*** MATERIAL PROVIDED

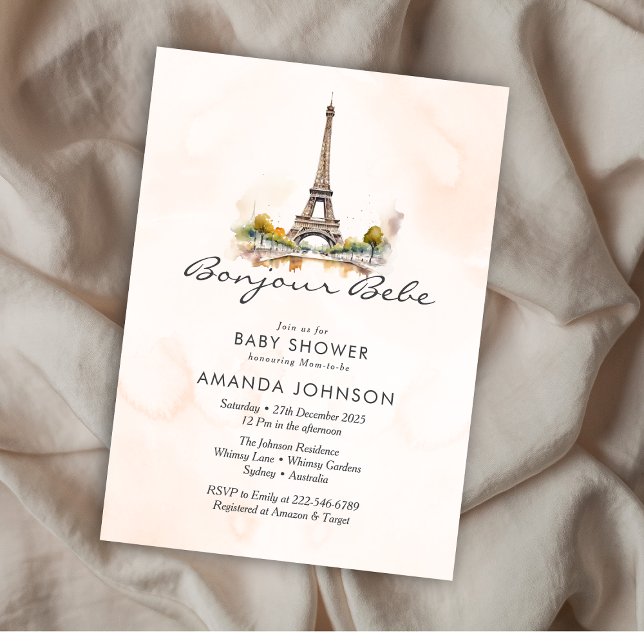 Invitación Bonjour Bebe Paris French Floral Baby Shower (Subido por el creador)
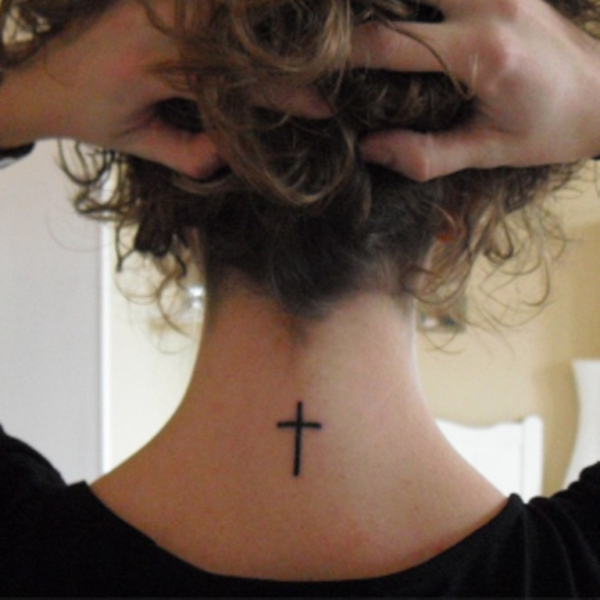 Black Cross Tattoo On Neck Back
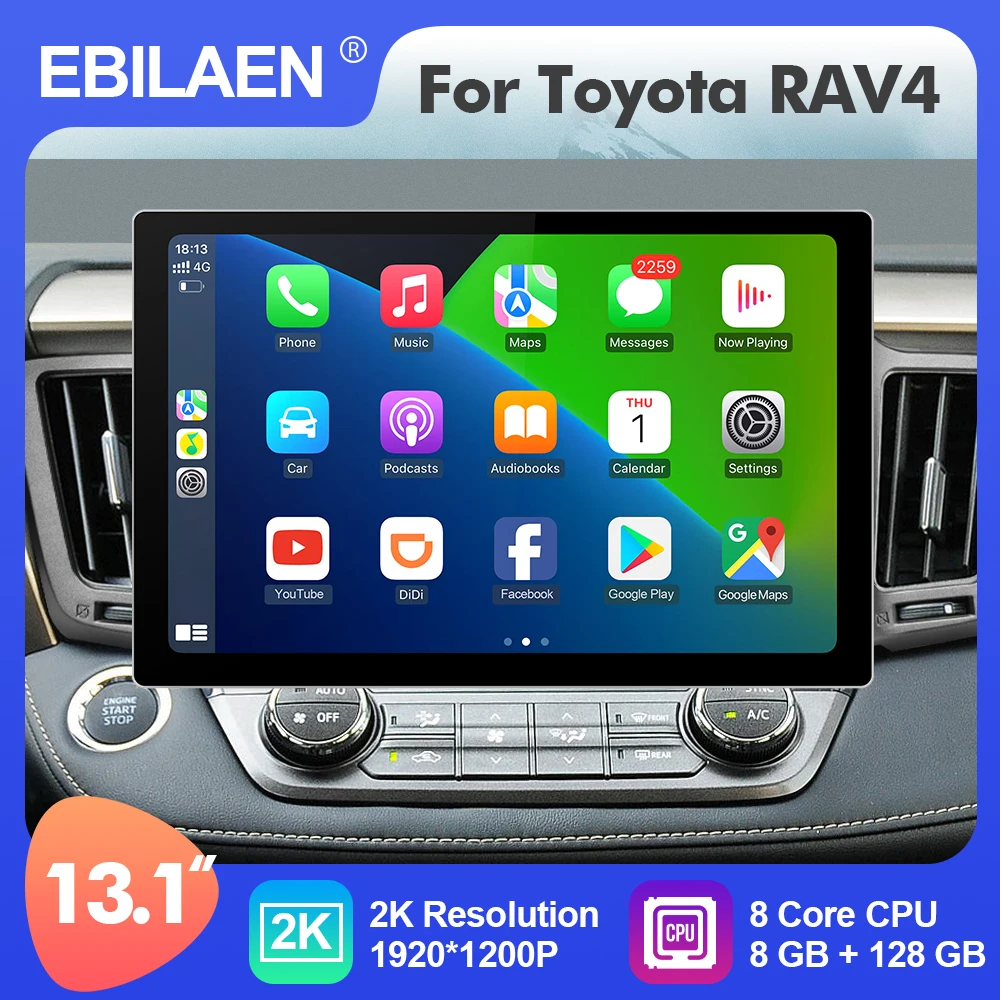 

EBILAEN Android 12 13.1 Inch Car Multimedia Radio Player For Toyota RAV4 2012-2018 GPS Stereo 8 Core Carplay 4G WIFI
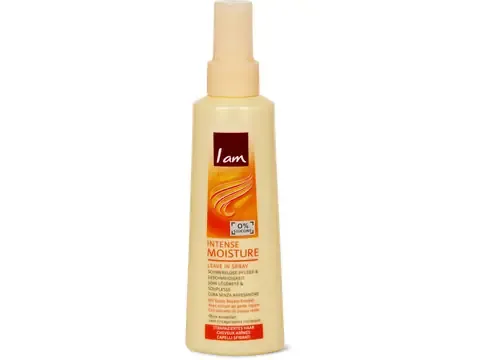 I am · Spray Intense Moisture, sans rinçage · cheveux abîmés 150ml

******

» **YOUR OBJECTIVE**: Omit the pictures and reproduce the listing exactly.

» **TASK RESPONSE**:
 Invitación Bonjour Bebe Paris French Floral Baby Shower (Subido por el creador)
 Black Cross Tattoo On Neck Back

EBILAEN Android 12 13.1 Inch Car Multimedia Radio Player For Toyota RAV4 2012-2018 GPS Stereo 8 Core Carplay 4G WIFI
 I am · Spray Intense Moisture, sans rinçage · cheveux abîmés 150ml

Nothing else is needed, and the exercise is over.